→ Exercise directions
Between the line containing "QueenMomyS online show" and the line containing "A Pair of Exquisite" lies a run of lines; give that run again exactly, with both of those lines, and nothing else from the entries below.

→ Given entries
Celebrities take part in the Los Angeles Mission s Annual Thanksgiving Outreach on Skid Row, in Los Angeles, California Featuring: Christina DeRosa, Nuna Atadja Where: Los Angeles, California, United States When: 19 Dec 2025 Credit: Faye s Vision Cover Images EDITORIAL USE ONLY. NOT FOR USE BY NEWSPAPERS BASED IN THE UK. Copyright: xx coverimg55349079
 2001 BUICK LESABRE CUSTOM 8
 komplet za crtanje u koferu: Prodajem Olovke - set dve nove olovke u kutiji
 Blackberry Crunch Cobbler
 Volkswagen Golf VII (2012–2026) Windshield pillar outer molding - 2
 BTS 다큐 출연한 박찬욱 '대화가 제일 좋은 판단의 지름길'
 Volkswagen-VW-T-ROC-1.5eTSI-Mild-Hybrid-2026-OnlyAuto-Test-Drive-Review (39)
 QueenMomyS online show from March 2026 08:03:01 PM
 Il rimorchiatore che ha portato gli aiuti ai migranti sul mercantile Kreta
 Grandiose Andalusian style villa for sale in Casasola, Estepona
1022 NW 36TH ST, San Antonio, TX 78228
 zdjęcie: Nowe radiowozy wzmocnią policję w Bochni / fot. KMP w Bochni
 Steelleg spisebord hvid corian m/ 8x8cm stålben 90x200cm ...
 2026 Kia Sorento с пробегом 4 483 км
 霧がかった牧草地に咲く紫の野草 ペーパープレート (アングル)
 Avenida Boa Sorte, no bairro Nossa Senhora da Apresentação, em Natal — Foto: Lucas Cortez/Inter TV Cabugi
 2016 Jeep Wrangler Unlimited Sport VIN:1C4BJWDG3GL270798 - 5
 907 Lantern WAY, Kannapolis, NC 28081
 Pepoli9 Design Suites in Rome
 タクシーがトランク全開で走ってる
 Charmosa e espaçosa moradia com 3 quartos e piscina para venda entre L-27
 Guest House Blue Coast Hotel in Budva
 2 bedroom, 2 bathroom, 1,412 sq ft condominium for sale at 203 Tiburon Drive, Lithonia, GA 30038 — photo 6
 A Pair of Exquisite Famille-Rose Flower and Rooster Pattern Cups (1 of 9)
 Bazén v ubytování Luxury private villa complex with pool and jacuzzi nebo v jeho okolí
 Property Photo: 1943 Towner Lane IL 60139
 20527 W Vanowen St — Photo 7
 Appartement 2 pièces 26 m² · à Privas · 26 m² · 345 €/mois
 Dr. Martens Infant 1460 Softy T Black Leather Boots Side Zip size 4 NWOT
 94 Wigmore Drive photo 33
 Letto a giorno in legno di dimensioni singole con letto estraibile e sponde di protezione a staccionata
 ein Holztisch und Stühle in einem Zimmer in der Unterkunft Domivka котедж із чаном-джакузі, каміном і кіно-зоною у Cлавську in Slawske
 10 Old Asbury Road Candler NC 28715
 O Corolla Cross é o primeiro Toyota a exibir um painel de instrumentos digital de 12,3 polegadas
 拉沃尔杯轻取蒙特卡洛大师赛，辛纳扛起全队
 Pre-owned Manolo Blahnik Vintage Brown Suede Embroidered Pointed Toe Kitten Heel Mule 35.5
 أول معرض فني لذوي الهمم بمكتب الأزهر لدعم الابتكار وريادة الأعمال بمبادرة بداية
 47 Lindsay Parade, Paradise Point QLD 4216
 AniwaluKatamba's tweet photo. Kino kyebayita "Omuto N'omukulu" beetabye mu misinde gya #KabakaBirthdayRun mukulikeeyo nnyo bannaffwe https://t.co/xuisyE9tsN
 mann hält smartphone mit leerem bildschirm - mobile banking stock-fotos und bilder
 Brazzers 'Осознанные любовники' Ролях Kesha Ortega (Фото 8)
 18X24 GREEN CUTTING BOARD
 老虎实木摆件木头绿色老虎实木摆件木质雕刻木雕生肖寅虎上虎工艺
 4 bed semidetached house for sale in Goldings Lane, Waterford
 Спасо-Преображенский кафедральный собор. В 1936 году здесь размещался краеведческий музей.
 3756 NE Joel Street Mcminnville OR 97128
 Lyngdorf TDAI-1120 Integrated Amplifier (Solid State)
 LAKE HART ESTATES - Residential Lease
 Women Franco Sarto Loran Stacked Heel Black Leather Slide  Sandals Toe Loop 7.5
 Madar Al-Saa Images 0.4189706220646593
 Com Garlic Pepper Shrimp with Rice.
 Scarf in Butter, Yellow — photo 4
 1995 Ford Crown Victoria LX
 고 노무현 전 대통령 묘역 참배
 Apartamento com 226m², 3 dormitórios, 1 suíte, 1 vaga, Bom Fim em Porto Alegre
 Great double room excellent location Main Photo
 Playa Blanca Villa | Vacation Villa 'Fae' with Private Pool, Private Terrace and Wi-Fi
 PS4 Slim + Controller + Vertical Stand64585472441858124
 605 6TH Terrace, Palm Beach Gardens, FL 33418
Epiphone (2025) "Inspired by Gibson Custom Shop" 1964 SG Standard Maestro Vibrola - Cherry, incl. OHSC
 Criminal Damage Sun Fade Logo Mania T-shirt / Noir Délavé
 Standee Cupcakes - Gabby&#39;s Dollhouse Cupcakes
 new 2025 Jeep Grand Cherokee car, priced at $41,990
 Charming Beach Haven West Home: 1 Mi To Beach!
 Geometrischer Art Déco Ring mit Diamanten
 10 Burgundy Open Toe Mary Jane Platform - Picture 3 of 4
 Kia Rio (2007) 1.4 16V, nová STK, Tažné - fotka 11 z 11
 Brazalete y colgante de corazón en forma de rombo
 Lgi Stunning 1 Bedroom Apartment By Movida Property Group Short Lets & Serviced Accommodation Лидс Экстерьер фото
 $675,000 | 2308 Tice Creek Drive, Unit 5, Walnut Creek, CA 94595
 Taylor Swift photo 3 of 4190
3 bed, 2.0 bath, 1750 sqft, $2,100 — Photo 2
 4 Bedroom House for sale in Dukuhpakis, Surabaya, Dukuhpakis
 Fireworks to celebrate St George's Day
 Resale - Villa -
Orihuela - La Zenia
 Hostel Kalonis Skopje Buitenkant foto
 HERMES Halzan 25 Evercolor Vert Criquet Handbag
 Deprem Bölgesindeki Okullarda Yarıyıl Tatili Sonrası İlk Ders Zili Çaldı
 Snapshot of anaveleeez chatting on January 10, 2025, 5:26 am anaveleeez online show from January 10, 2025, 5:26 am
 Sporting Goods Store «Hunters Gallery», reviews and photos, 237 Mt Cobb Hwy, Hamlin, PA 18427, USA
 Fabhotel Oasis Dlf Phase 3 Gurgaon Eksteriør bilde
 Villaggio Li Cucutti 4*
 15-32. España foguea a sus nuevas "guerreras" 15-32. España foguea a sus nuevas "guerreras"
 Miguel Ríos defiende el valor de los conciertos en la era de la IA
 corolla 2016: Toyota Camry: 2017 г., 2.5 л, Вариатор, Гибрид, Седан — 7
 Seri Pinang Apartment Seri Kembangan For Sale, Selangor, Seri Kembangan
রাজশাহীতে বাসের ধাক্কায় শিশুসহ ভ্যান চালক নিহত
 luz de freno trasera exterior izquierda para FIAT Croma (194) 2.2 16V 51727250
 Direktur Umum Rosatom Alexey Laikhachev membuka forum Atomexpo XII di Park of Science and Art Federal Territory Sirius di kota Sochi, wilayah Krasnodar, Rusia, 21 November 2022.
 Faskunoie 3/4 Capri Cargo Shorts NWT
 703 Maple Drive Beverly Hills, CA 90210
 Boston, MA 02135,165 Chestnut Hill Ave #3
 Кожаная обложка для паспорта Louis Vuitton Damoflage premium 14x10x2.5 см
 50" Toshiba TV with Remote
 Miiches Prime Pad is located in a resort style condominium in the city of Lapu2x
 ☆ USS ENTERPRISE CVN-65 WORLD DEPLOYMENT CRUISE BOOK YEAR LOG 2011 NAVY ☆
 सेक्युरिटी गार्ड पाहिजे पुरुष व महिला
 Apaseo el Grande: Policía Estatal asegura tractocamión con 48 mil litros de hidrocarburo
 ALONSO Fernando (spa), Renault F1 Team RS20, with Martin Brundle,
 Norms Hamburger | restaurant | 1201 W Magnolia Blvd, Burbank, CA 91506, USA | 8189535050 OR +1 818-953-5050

→ Answer section
 QueenMomyS online show from March 2026 08:03:01 PM
 Il rimorchiatore che ha portato gli aiuti ai migranti sul mercantile Kreta
 Grandiose Andalusian style villa for sale in Casasola, Estepona
1022 NW 36TH ST, San Antonio, TX 78228
 zdjęcie: Nowe radiowozy wzmocnią policję w Bochni / fot. KMP w Bochni
 Steelleg spisebord hvid corian m/ 8x8cm stålben 90x200cm ...
 2026 Kia Sorento с пробегом 4 483 км
 霧がかった牧草地に咲く紫の野草 ペーパープレート (アングル)
 Avenida Boa Sorte, no bairro Nossa Senhora da Apresentação, em Natal — Foto: Lucas Cortez/Inter TV Cabugi
 2016 Jeep Wrangler Unlimited Sport VIN:1C4BJWDG3GL270798 - 5
 907 Lantern WAY, Kannapolis, NC 28081
 Pepoli9 Design Suites in Rome
 タクシーがトランク全開で走ってる
 Charmosa e espaçosa moradia com 3 quartos e piscina para venda entre L-27
 Guest House Blue Coast Hotel in Budva
 2 bedroom, 2 bathroom, 1,412 sq ft condominium for sale at 203 Tiburon Drive, Lithonia, GA 30038 — photo 6
 A Pair of Exquisite Famille-Rose Flower and Rooster Pattern Cups (1 of 9)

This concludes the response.